More than 45% of 165 U.S. employers polled in October 2014 by the International Foundation of Employee Benefit Plans said they use health-contingent incentives tied to their employees’ group health benefits. Sixty percent offer some manner of health-contingent wellness incentive to their employees. Roughly half of those employers offer financial rewards to employees who complete weight-loss programs, fitness challenges and other health-related activities, according to the foundation's “2015 Workplace Wellness Trends Survey.”

More than half of employers offering health-contingent incentives have elected to reward their employees for measurable improvements in employees' health outcomes, such as achieving or maintaining a healthy weight, reducing their cholesterol or quitting smoking, the survey results said.

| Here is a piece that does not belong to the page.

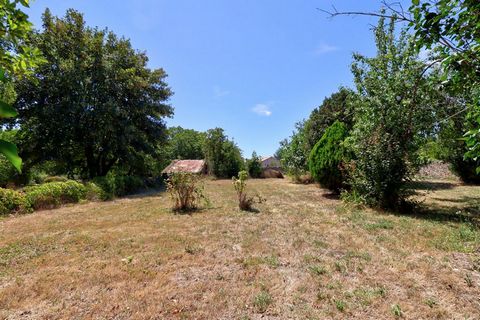 79220 STE OUENNE, EXCLUSIVITE, Aline Nicole vous propose un terrain constructible non viabilisé de 1020 m², hors lotissement. Branchements en limite de terrain. Assainissement non collectif à prévoir. BEAU TERRAIN PLAT, AU CALME. Dans un village avec...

Sixteen percent of employers that offer health-contingent incentives use both activity-based and outcomes-based models.

Among employers offering outcomes-based incentives, 54.8% said they've tied the rewards to tobacco cessation programs, while 57.1% said they reward their employees for improvements in their health risk assessment and/or biometric screening results.

The vast majority of employers using outcomes-based rewards in their wellness programs said the more aggressive approach to motivating participation in their workplace wellness program drew a somewhat or very positive reaction from employees, while only 10.7% said their employees' reaction to the incentives was somewhat negative.

A slight majority of employers that do not offer health-contingent incentives of any kind said they had held off due to potential negative impacts on their workforce culture or fears of civil and/or regulatory actions.